━━━━━ DATA SUPPLIED

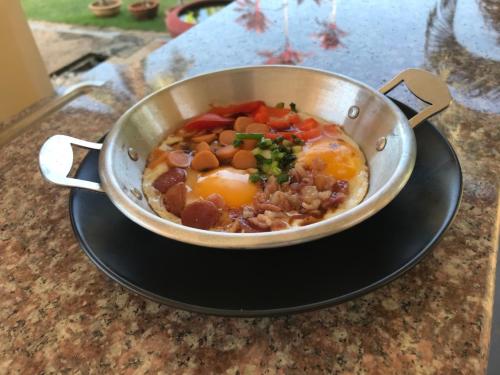 a pan of food with eggs and vegetables on a counter at Sleep Soundly By The Sea in Trat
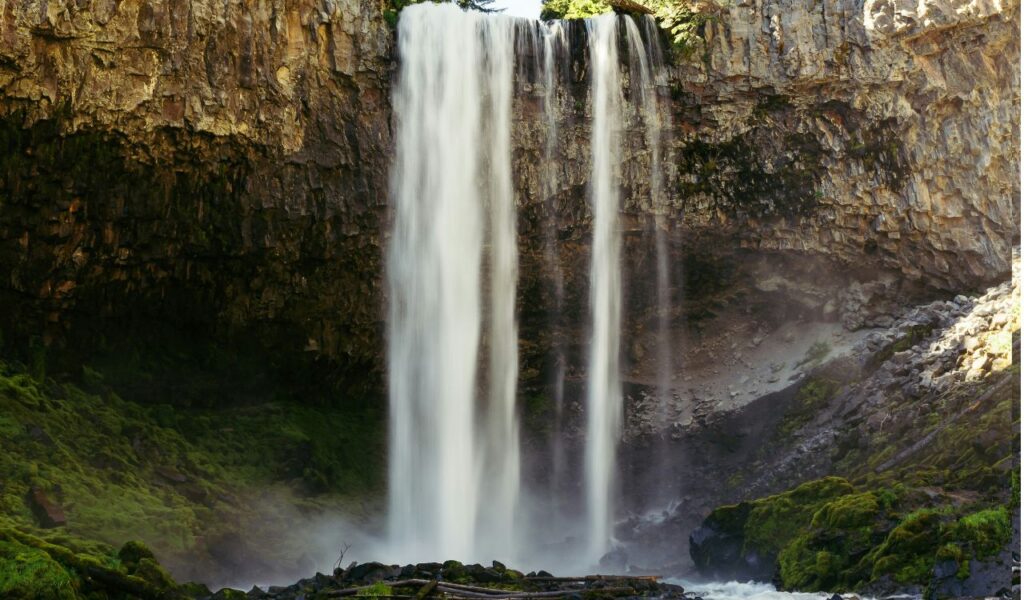 Tall twin streams of Soco Falls cascade from a rugged cliff into a misty pool below, surrounded by moss-covered rocks and lush greenery.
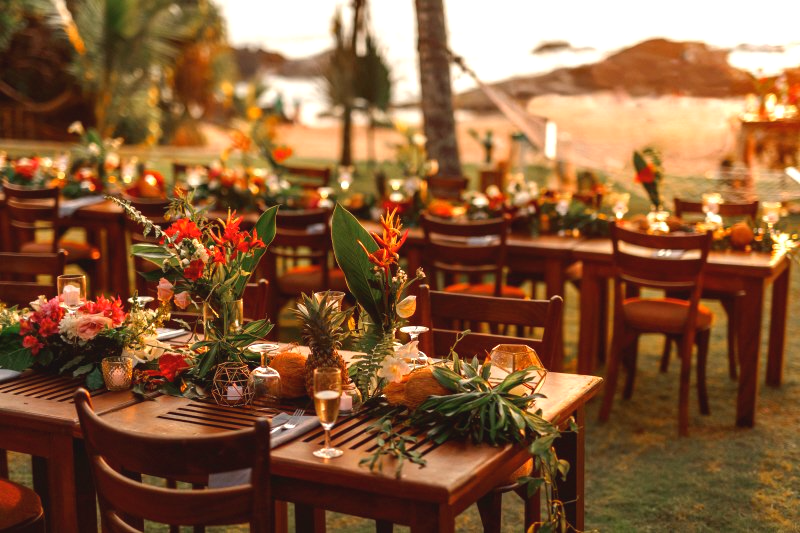 Wedding celebration tropical styled table settings with floral arrangments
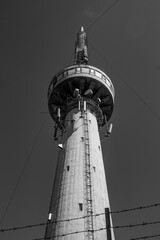 Bottom view of monumental concrete telecommunication tower under clear sky in sunlight. Vertical...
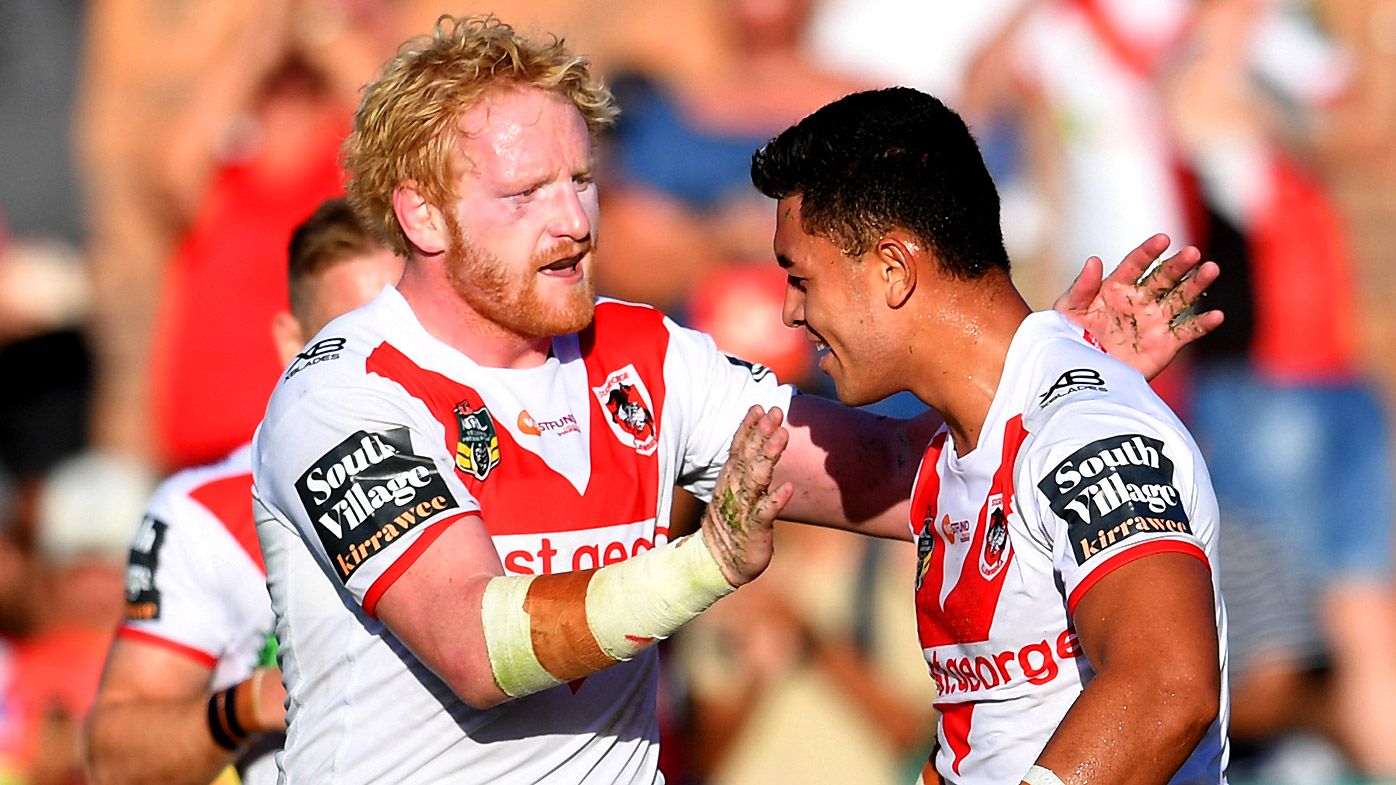 Timoteo Lafai (right) of the Dragons celebrates scoring a try with team mate James Graham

━━━━━━━━━━

### [REQUIREMENT]
Transcribe each entry exactly, pictures excluded.

### [COMPLETED EXERCISE]
 a pan of food with eggs and vegetables on a counter at Sleep Soundly By The Sea in Trat
 Tall twin streams of Soco Falls cascade from a rugged cliff into a misty pool below, surrounded by moss-covered rocks and lush greenery.
 Wedding celebration tropical styled table settings with floral arrangments
 Bottom view of monumental concrete telecommunication tower under clear sky in sunlight. Vertical...
 Timoteo Lafai (right) of the Dragons celebrates scoring a try with team mate James Graham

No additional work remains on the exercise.